On Tue, Jul 26, 2011 at 08:05:59PM +0200, Johannes Weiner wrote:
> On Tue, Jul 26, 2011 at 04:47:41PM +0100, Mel Gorman wrote:
> > On Mon, Jul 25, 2011 at 10:19:14PM +0200, Johannes Weiner wrote:
> > > Hello!
> > > 
> > > Writing back single file pages during reclaim exhibits bad IO
> > > patterns, but we can't just stop doing that before the VM has other
> > > means to ensure the pages in a zone are reclaimable.
> > > 
> > > Over time there were several suggestions of at least doing
> > > write-around of the pages in inode-proximity when the need arises to
> > > clean pages during memory pressure.  But even that would interrupt
> > > writeback from the flushers, without any guarantees that the nearby
> > > inode-pages are even sitting on the same troubled zone.
> > > 
> > > The reason why dirty pages reach the end of LRU lists in the first
> > > place is in part because the dirty limits are a global restriction
> > > while most systems have more than one LRU list that are different in
> > > size. Multiple nodes have multiple zones have multiple file lists but
> > > at the same time there is nothing to balance the dirty pages between
> > > the lists except for reclaim writing them out upon encounter.
> > > 
> > > With around 4G of RAM, a x86_64 machine of mine has a DMA32 zone of a
> > > bit over 3G, a Normal zone of 500M, and a DMA zone of 15M.
> > > 
> > > A linear writer can quickly fill up the Normal zone, then the DMA32
> > > zone, throttled by the dirty limit initially.  The flushers catch up,
> > > the zones are now mostly full of clean pages and memory reclaim kicks
> > > in on subsequent allocations.  The pages it frees from the Normal zone
> > > are quickly filled with dirty pages (unthrottled, as the much bigger
> > > DMA32 zone allows for a huge number of dirty pages in comparison to
> > > the Normal zone).  As there are also anon and active file pages on the
> > > Normal zone, it is not unlikely that a significant amount of its
> > > inactive file pages are now dirty [ foo=zone(global) ]:
> > > 
> > > reclaim: blkdev_writepage+0x0/0x20 zone=Normal inactive=112313(821289) active=9942(10039) isolated=27(27) dirty=59709(146944) writeback=739(4017)
> > > reclaim: blkdev_writepage+0x0/0x20 zone=Normal inactive=111102(806876) active=9925(10022) isolated=32(32) dirty=72125(146914) writeback=957(3972)
> > > reclaim: blkdev_writepage+0x0/0x20 zone=Normal inactive=110493(803374) active=9871(9978) isolated=32(32) dirty=57274(146618) writeback=4088(4088)
> > > reclaim: blkdev_writepage+0x0/0x20 zone=Normal inactive=111957(806559) active=9871(9978) isolated=32(32) dirty=65125(147329) writeback=456(3866)
> > > reclaim: blkdev_writepage+0x0/0x20 zone=Normal inactive=110601(803978) active=9860(9973) isolated=27(27) dirty=63792(146590) writeback=61(4276)
> > > reclaim: blkdev_writepage+0x0/0x20 zone=Normal inactive=111786(804032) active=9860(9973) isolated=0(64) dirty=64310(146998) writeback=1282(3847)

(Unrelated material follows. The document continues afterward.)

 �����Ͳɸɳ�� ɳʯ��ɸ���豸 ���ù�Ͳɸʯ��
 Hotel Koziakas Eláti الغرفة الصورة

> > > reclaim: blkdev_writepage+0x0/0x20 zone=Normal inactive=111643(805651) active=9860(9982) isolated=32(32) dirty=63778(147217) writeback=1127(4156)

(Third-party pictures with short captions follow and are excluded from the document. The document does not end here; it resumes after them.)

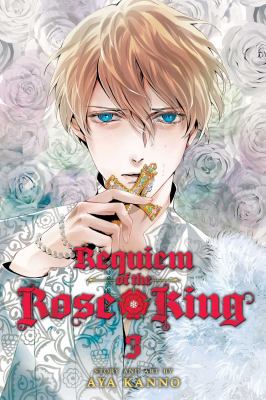 Requiem of the rose king. 3 /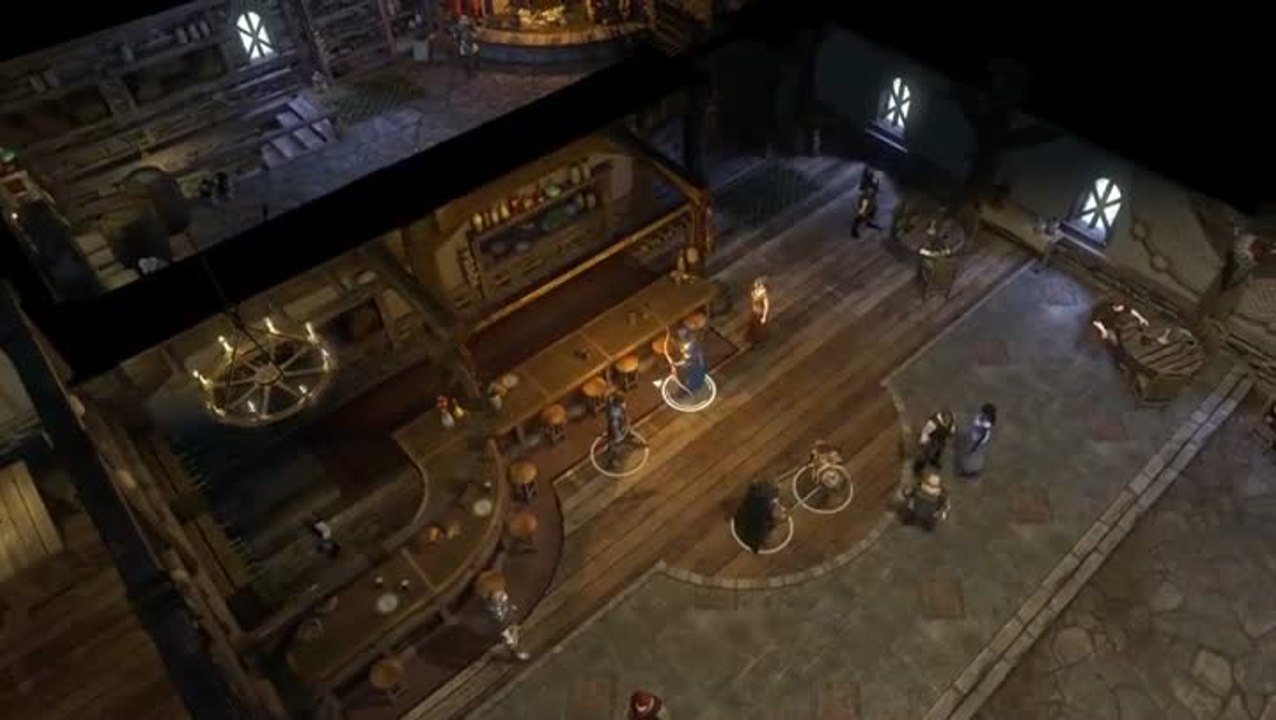 Sword Coast Legends • Announcement Trailer • PC Mac Linux.mp4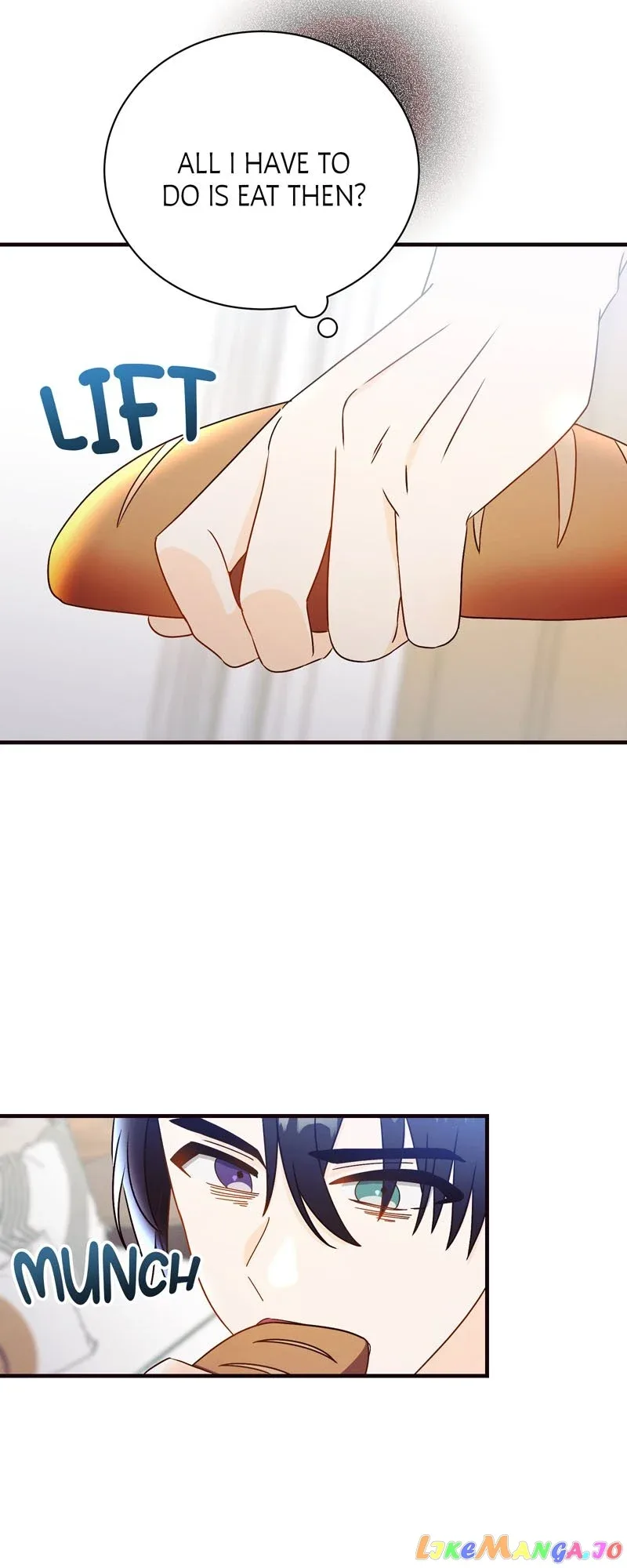 He’s Now Healthy-Perhaps Too Much Chapter 5 page 17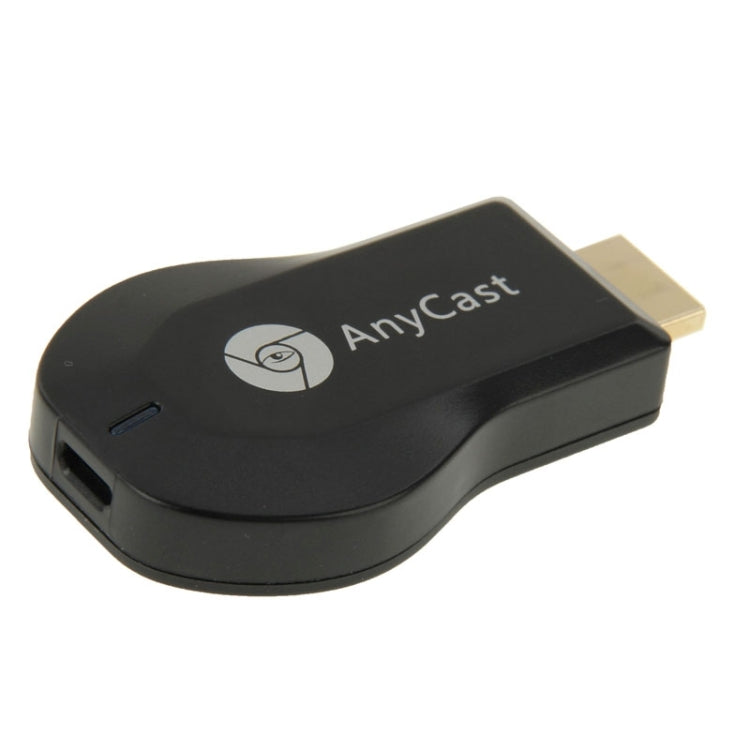 M2 PLUS WiFi HDMI 無線顯示接收器，CPU：Cortex A9 1.2GHz，支援 Android / iOS，M2 PLUS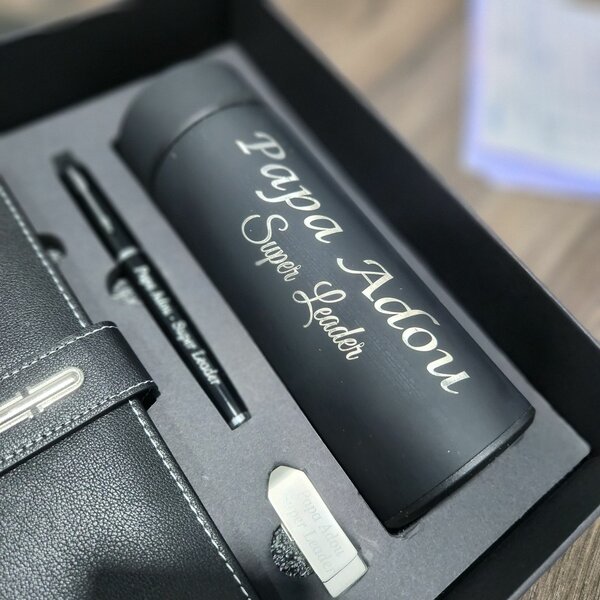 Coffret 4in1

> > > reclaim: blkdev_writepage+0x0/0x20 zone=Normal inactive=111678(804709) active=9859(10112) isolated=27(27) dirty=81673(148224) writeback=29(4233)
> > > 
> > > [ These prints occur only once per reclaim invocation, so the actual
> > > ->writepage calls are more frequent than the timestamp may suggest. ]
> > > 
> > > In the scenario without the Normal zone, first the DMA32 zone fills
> > > up, then the DMA zone.  When reclaim kicks in, it is presented with a
> > > DMA zone whose inactive pages are all dirty -- and dirtied most
> > > recently at that, so the flushers really had abysmal chances at making
> > > some headway:
> > > 
> > > reclaim: xfs_vm_writepage+0x0/0x4f0 zone=DMA inactive=776(430813) active=2(2931) isolated=32(32) dirty=814(68649) writeback=0(18765)
> > > reclaim: xfs_vm_writepage+0x0/0x4f0 zone=DMA inactive=726(430344) active=2(2931) isolated=32(32) dirty=764(67790) writeback=0(17146)
> > > reclaim: xfs_vm_writepage+0x0/0x4f0 zone=DMA inactive=729(430838) active=2(2931) isolated=32(32) dirty=293(65303) writeback=468(20122)
> > > reclaim: xfs_vm_writepage+0x0/0x4f0 zone=DMA inactive=757(431181) active=2(2931) isolated=32(32) dirty=63(68851) writeback=731(15926)
> > > reclaim: xfs_vm_writepage+0x0/0x4f0 zone=DMA inactive=758(432808) active=2(2931) isolated=32(32) dirty=645(64106) writeback=0(19666)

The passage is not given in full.